== DATASET SECTION

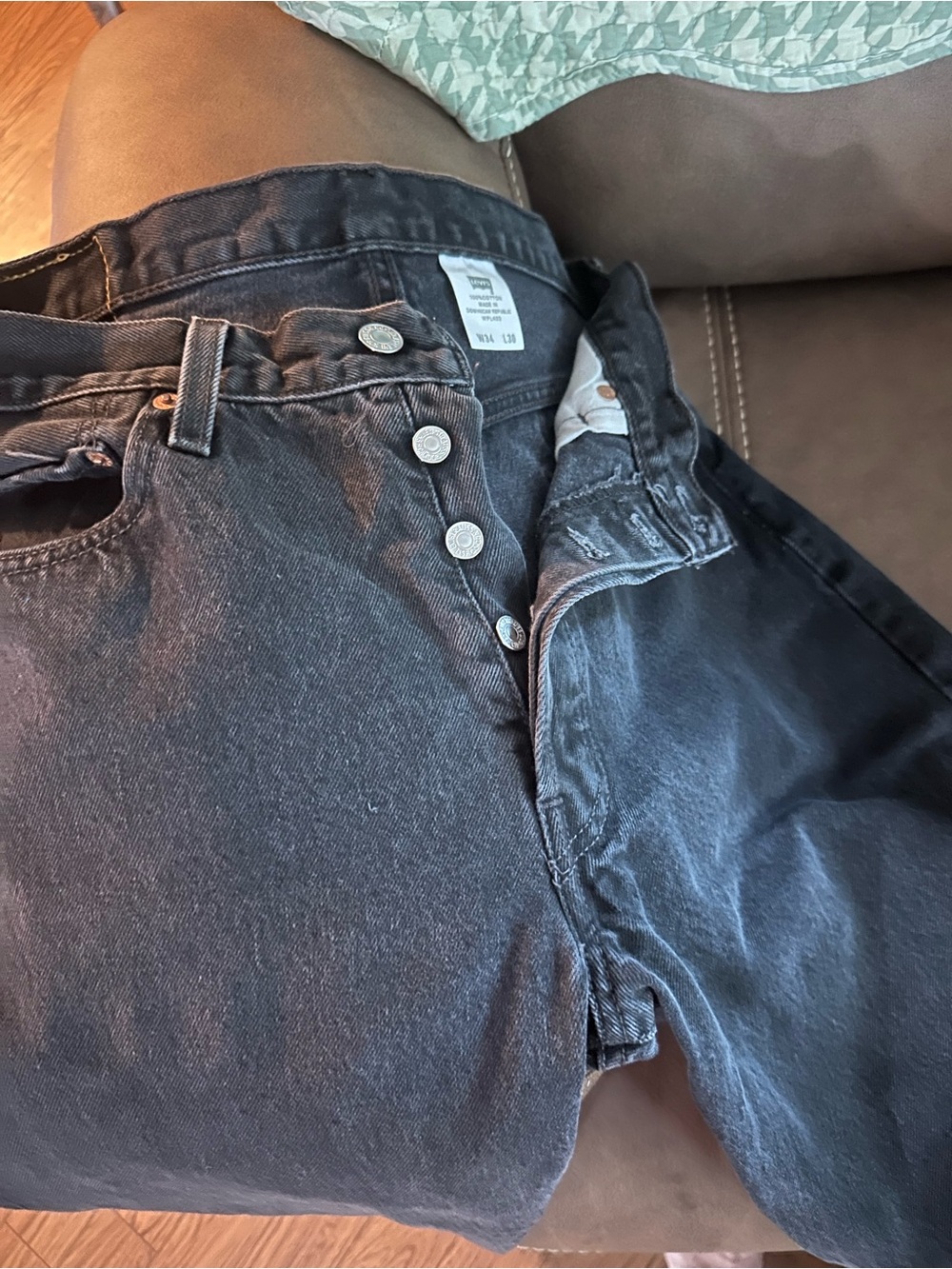 Levi's Men's Black Relaxed Button-Fly Jeans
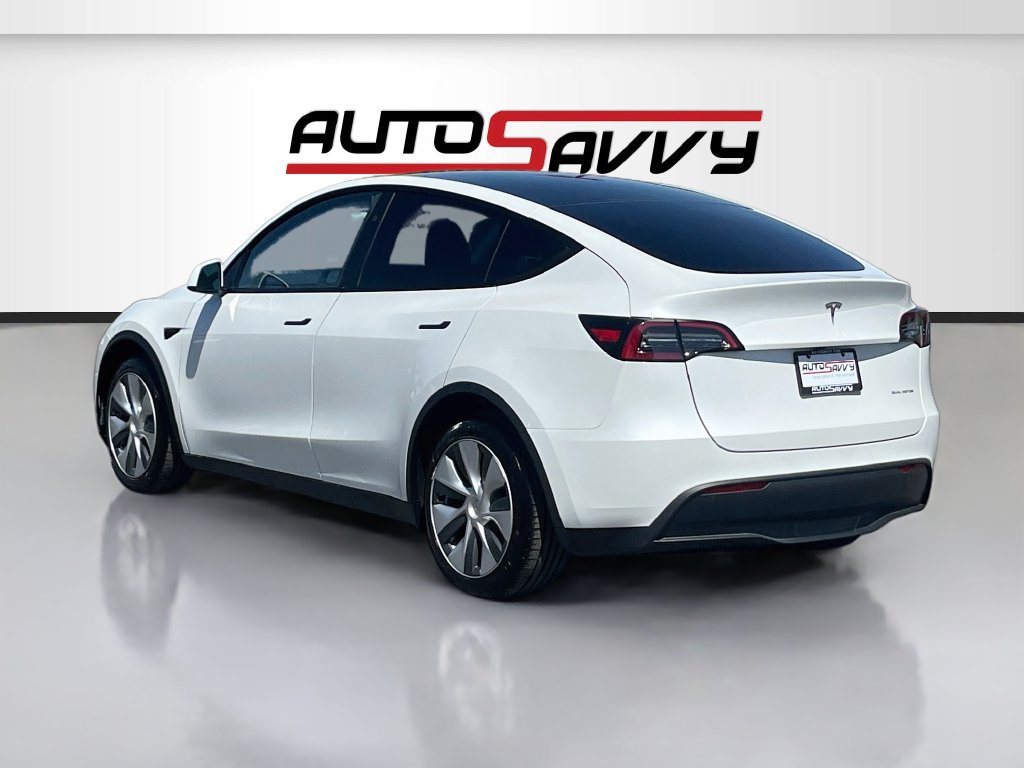 Used 2024 Tesla Model Y Long Range AWD/4WD image 5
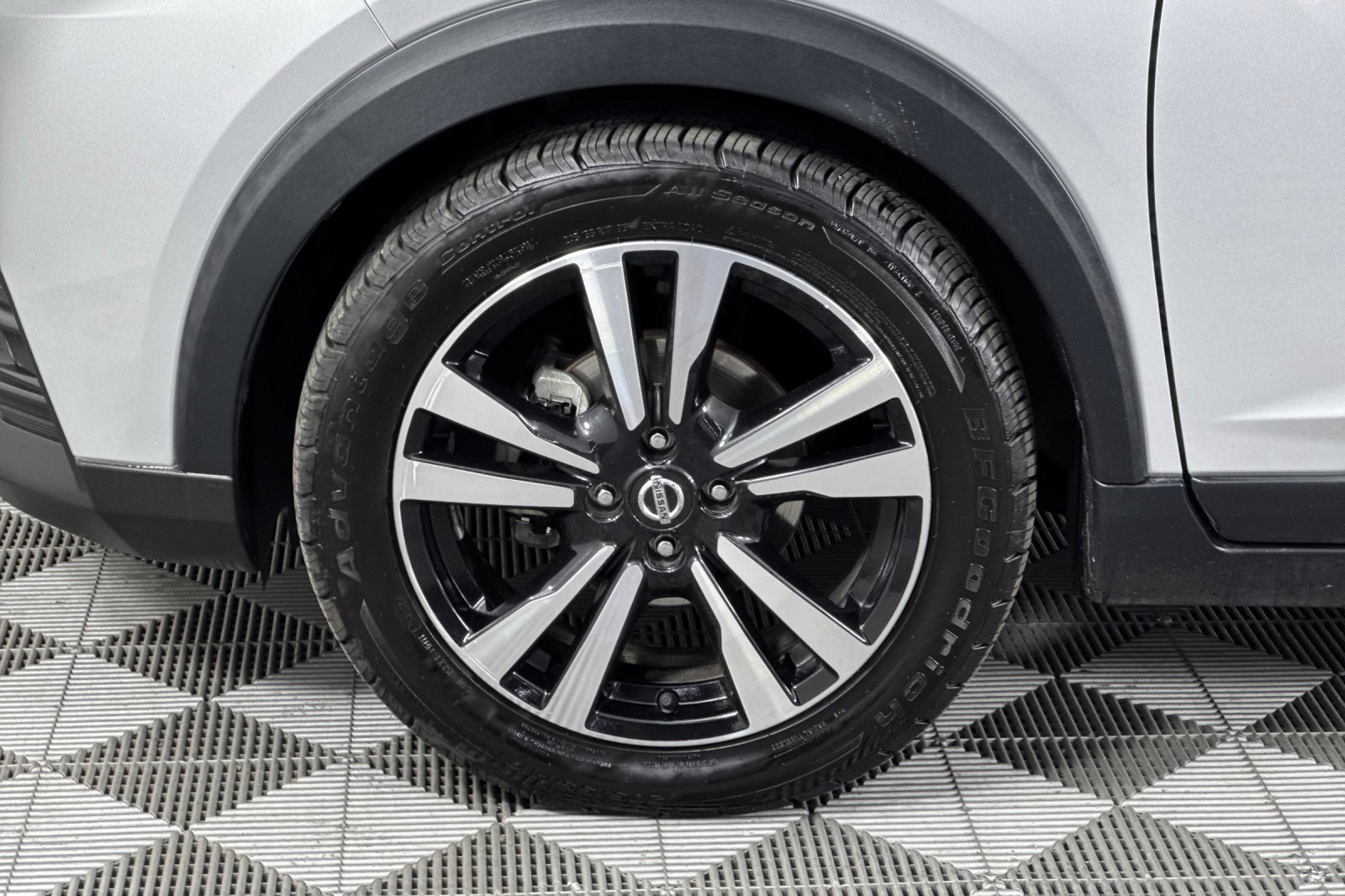 2020 Nissan Kicks SV photo 24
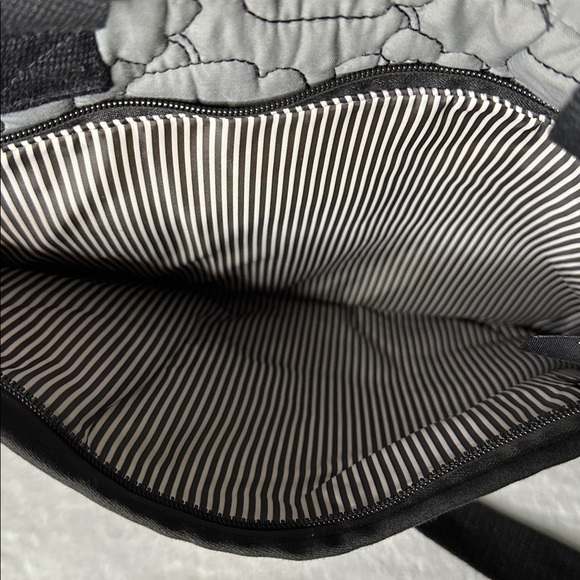 Thirty-one Floral Quilted Gray Laptop Bag - Picture 4 of 7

====

Type the listing above out again exactly, and omit all pictures.

 Levi's Men's Black Relaxed Button-Fly Jeans
 Used 2024 Tesla Model Y Long Range AWD/4WD image 5
 2020 Nissan Kicks SV photo 24
 Thirty-one Floral Quilted Gray Laptop Bag - Picture 4 of 7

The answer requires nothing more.